- Directed by: Leonid Gaidai
- Written by: Vladlen Bakhnov; Leonid Gaidai;
- Based on: The Twelve Chairs by Ilf and Petrov
- Starring: Archil Gomiashvili Sergey Filippov Mikhail Pugovkin Natalya Krachkovskaya
- Narrated by: Rostislav Plyatt
- Cinematography: Sergei Poluyanov Valery Shuvalov
- Music by: Aleksandr Zatsepin
- Production company: Mosfilm
- Release date: 21 June 1971;
- Running time: 159 minutes
- Country: Soviet Union
- Language: Russian

= The Twelve Chairs (1971 film) =

The Twelve Chairs (12 стульев) is a 1971 Soviet comedy film directed by Leonid Gaidai.
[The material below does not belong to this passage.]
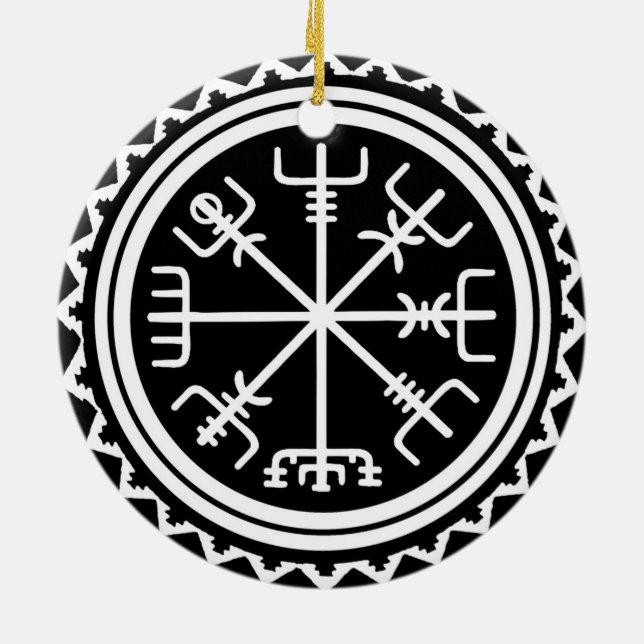 Viking Vegvisir Compass Ceramic Tree Decoration (Back)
It is an adaptation of Ilf and Petrov's 1928 novel The Twelve Chairs.

== Plot ==
Ostap Bender, shortly after arriving in Stargorod, meets Ippolit "Kisa" Vorobyaninov, a Marshal of Nobility who is looking for a set of 12 chairs that belonged to his mother-in-law, who on her deathbed confesses of hiding diamonds in one of them. However, the confession is overheard by Father Fyodor, who also begins looking for them. Ostap and Kisa decide to go on the search together, traveling all around Russia and having a series of misadventures.